### Data provided
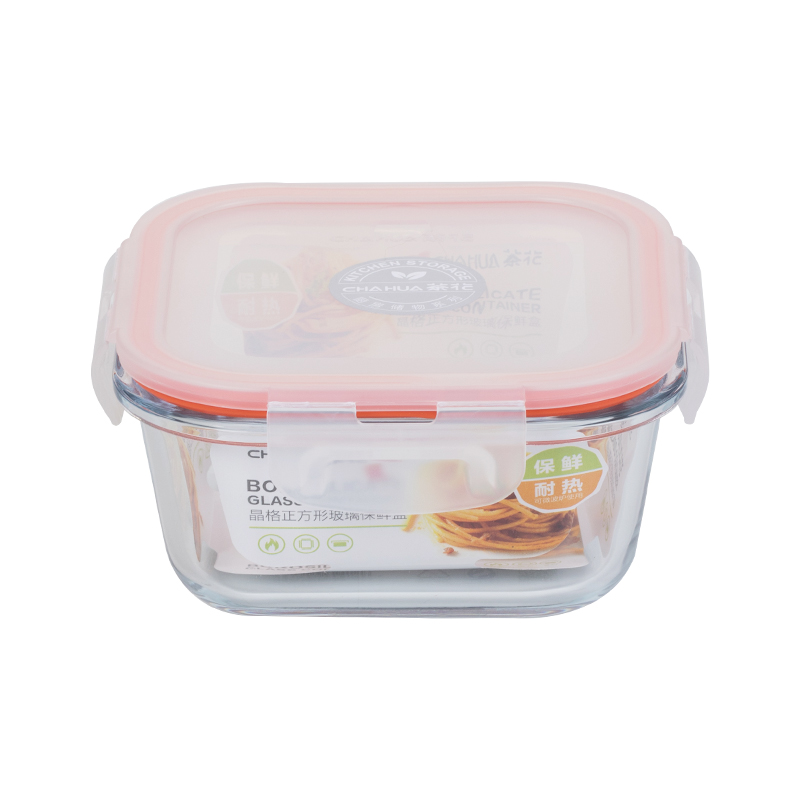 茶花晶格正方形玻璃保鲜盒500ml   001003/个 混色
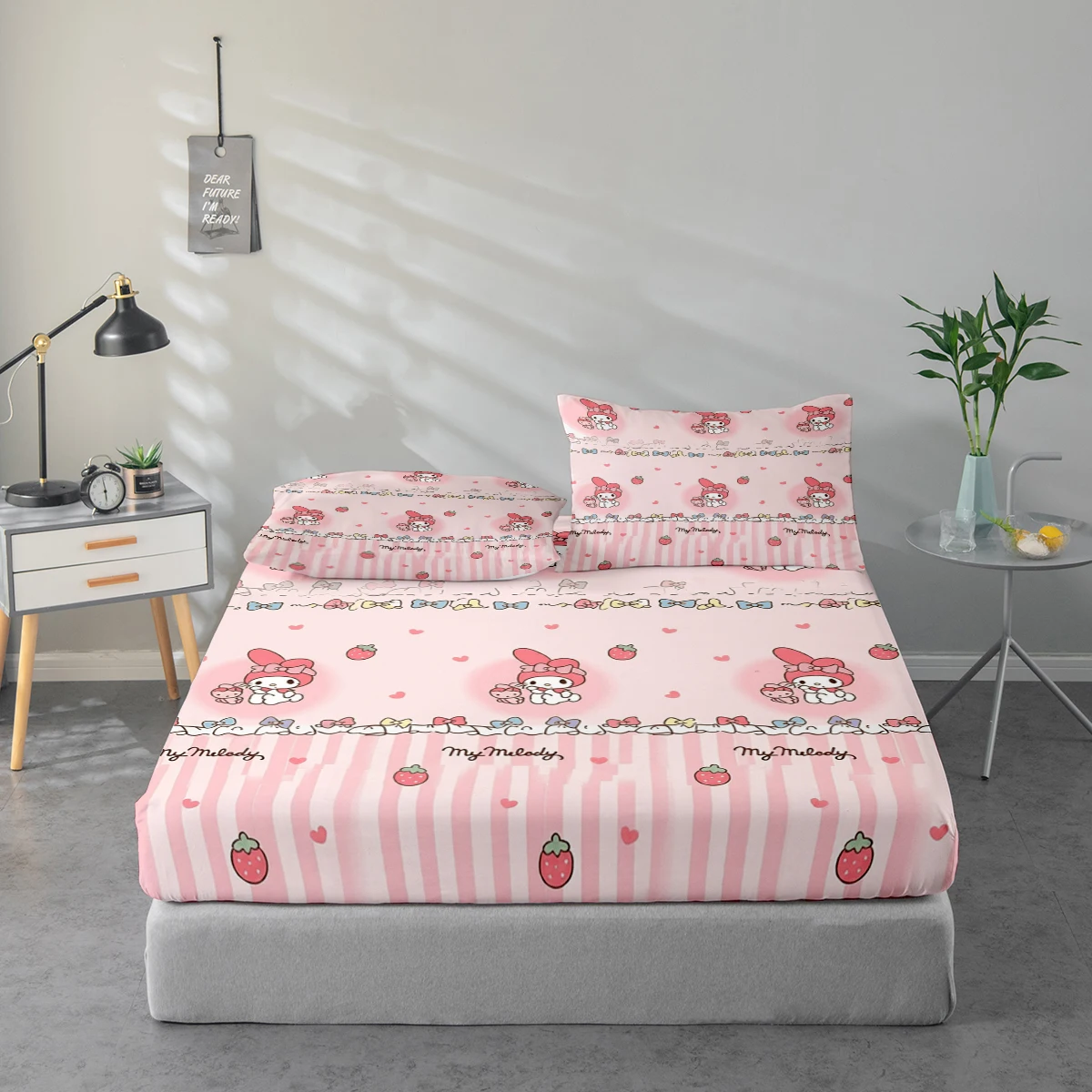 

Комплект постельного белья из 3 предметов с цифровой печатью высокого разрешения и рисунком My Melody, комплект пододеяльников с крупным цветочным узором, включает 1 пододеяльник + 2 наволочки, подходит для спальни, гостевой комнаты, домашнего декора, под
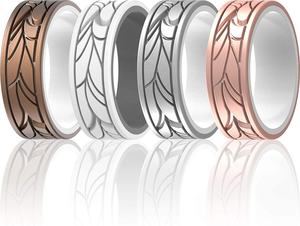 Hochwertiger Damen-Ehering aus Silikon mit geprägtem Muster - Product Image 4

### Exercise requirements
The expected output is the full data above, reproduced exactly with no images.

### Written answer
 茶花晶格正方形玻璃保鲜盒500ml   001003/个 混色

Комплект постельного белья из 3 предметов с цифровой печатью высокого разрешения и рисунком My Melody, комплект пододеяльников с крупным цветочным узором, включает 1 пододеяльник + 2 наволочки, подходит для спальни, гостевой комнаты, домашнего декора, под
 Hochwertiger Damen-Ehering aus Silikon mit geprägtem Muster - Product Image 4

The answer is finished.